That difficult moment in life ended soon after. Three solid years of massive home remodeling (or demolition, as it often was) translated into a beautiful two story house.  The year of living in a twenty foot travel-trailer, of constant debris in living spaces, of exposed wires and leaking pipes, and a dad who hit thumbs with hammers, and said exotic expletives we only knew from legend, all this chaos ended, and we became a family again.  

Those unintended angry words, the constant frustration, the flustered look of mom magically making the bills work out, all that ended too. And our real Dad came back. The man who had been working 40 hours at his church, dealing with other people's problems, coming home to work another 4 hours on our "church," delegating most of my middle school years into constructive construction tasks, he was gone.  As the last touches of finished carpentry were nailed up, he learned to relax. We finally had a home. One from which I no longer wanted to escape. The stress of massive home renovation is enough to tear even the stablest families apart. We barely survived.  

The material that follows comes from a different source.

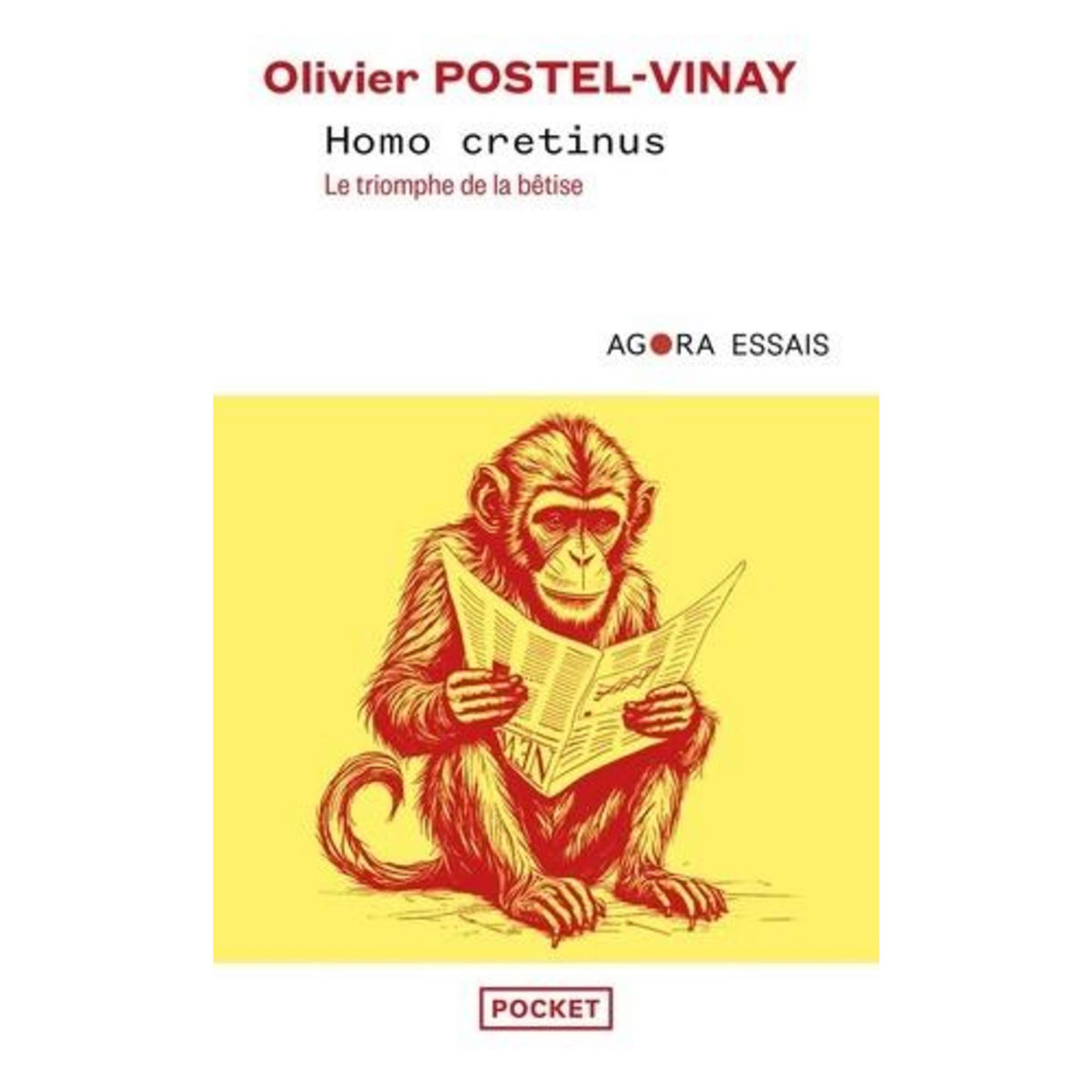 HOMO CRETINUS. LE TRIOMPHE DE LA BETISE, Postel-Vinay Olivier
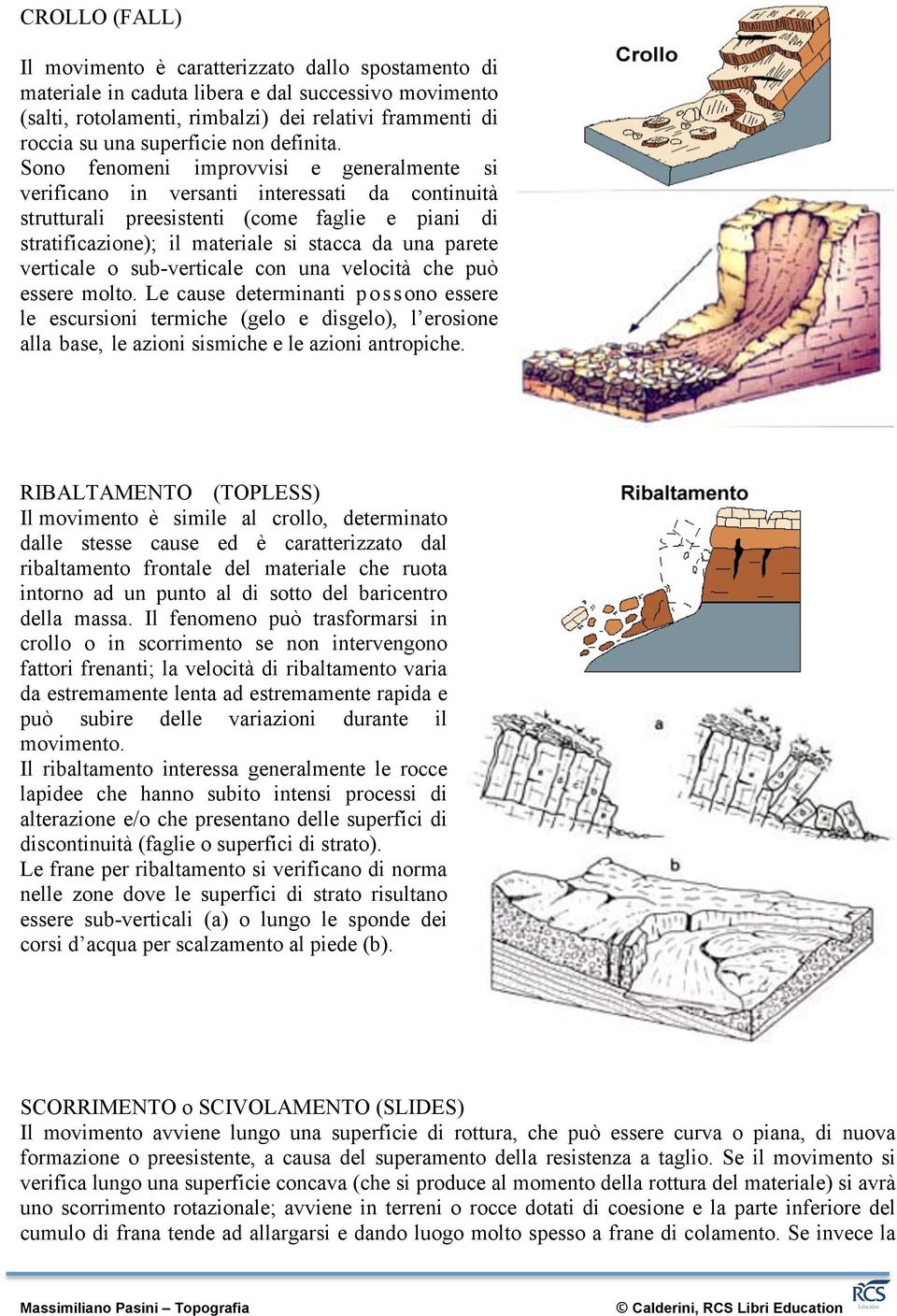 Sono fenomeni improvvisi e generalmente si verificano in versanti interessati da continuità strutturali preesistenti (come faglie e piani di stratificazione); il materiale si stacca da una parete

Cougar winking at camera puma mountain lion cute
Here's looking at you kid.

Ten months later, we sold our beautiful home and moved to Oregon. Into another fixer-upper. And it started all over again. But Mom and Dad had learned something about keeping a family intact during chaos.  The money wasn't so tight this time, and Dad was more accommodating of our youthfulness. And Corey and I? We had learned how to work. So when it was time to help build our new home, we complained, but not enough to run away.  

Which is a good thing, too. Because I totally would've died of exposure within 24 hours, or been violated by a cougar.  (which I guess to a teenage boy, is kind of a fantasy).  

Unfathomably, 1.5 million U.S. kids run away each year. Unlike myself, many have legitimate reasons.  If you'd like to help, check out the National Runaway Safeline or other programs.  And take your kid out to pizza every now and then to prevent pent up feelings.  

11 comments:

  1. That's the problem with all you cry babies these days. Oh work, oh, aw aw wine wine or is that beer beer. When i was a kid I walked 5 miles to school and when I got home had to do 5 hours or farm work. Real man work! Then I had home work from that one room school house. My Mammy made me do every single lesson. When i got up I had to milk the goat so all my 5 simblins could get some milk to drink. So all you little wimpies out there listen up to this guy, hear me. He's not into no vampire pretty boys crap and you won't have to worry about being bit by some girl that doesn't get enough protein!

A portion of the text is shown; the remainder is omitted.